Starting 2007, my goals were to earn the R-12 award, and 5000 km for the year. Dan Driscoll told me all I had to do was ride a 200 km every other weekend for 50 weeks. That sounded easy enough. I began to really enjoy the 200 km rides every other Saturday. There was usually a good-sized group to ride with. I was making many new friends and became hooked on the "friendly camaraderie" and the randonneuring style of riding.
Soon, I was riding 200 km almost every Saturday, 300 km some Saturdays, and sometimes a shorter populaire on the following Sunday.
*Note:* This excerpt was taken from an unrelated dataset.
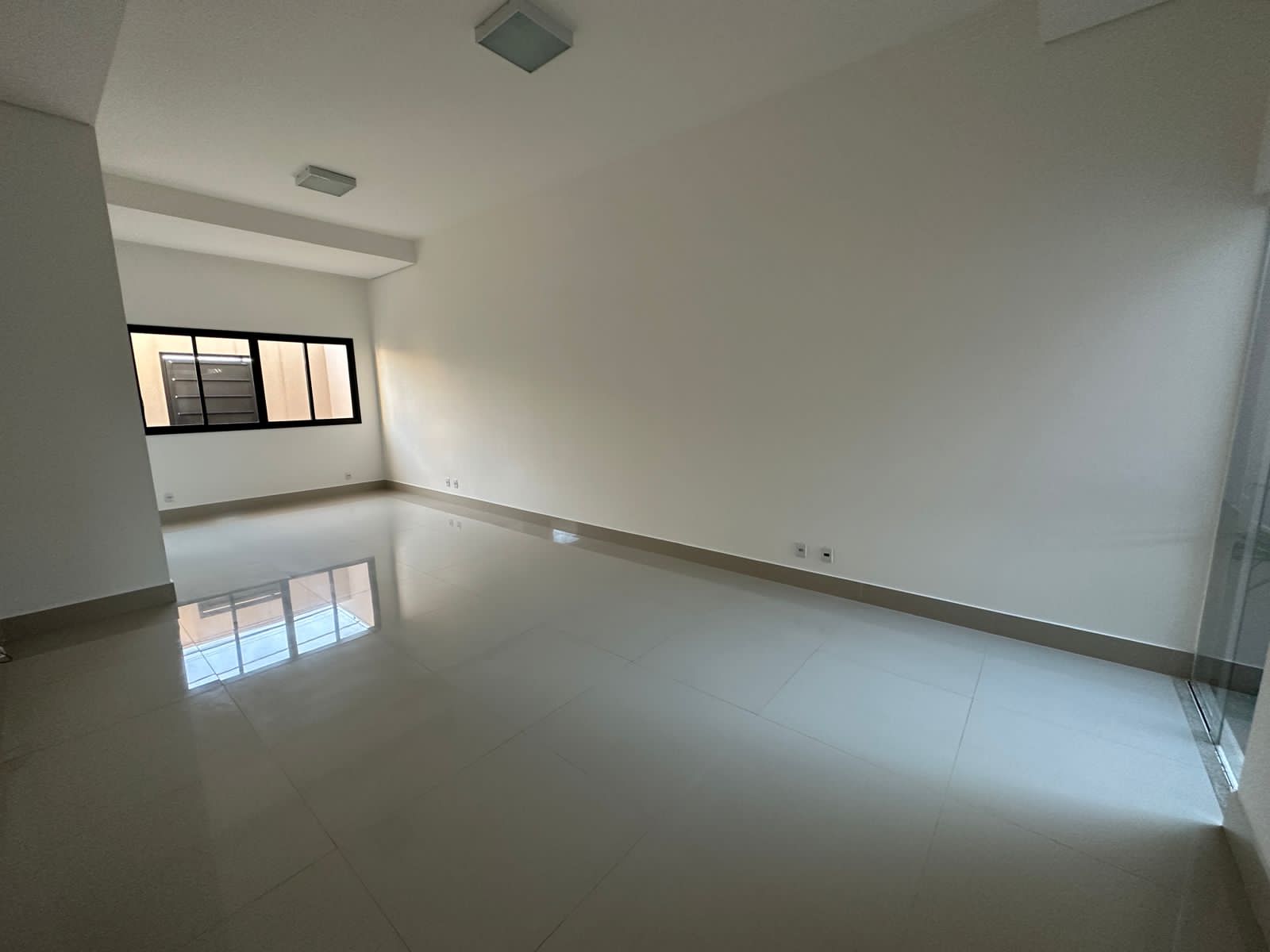 Imagem Casa com 3 Quartos à Venda, 150 m²em Alto Umuarama - Uberlândia Imagem Casa com 3 Quartos à Venda, 150 m²em Alto Umuarama - Uberlândia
Before I knew it, I already had 5000 km and it was only Sept. 1…obviously time to set a higher goal for the year.
Dan told me that he already had almost 10,000 km and was shooting for 15,000. So I thought, all I have to do is ride with him for the rest of the year, and I'll have 10,000 km! We began riding together, sometimes with larger groups, and other times, just the two of us. I don't think I would have ever reached the 10,000 km mark, had it not been for Dan and all my other great LSR riding buddies. So…many thanks to all of you who rode with me and helped me double my original 2007 goal. I'd also like to thank all the permanent owners and Robert Fry, for cranking out
Attaining goals is great, but the most rewarding aspect of randonneuring is the great friendships that are born from it…friendships that are sure to last a lifetime.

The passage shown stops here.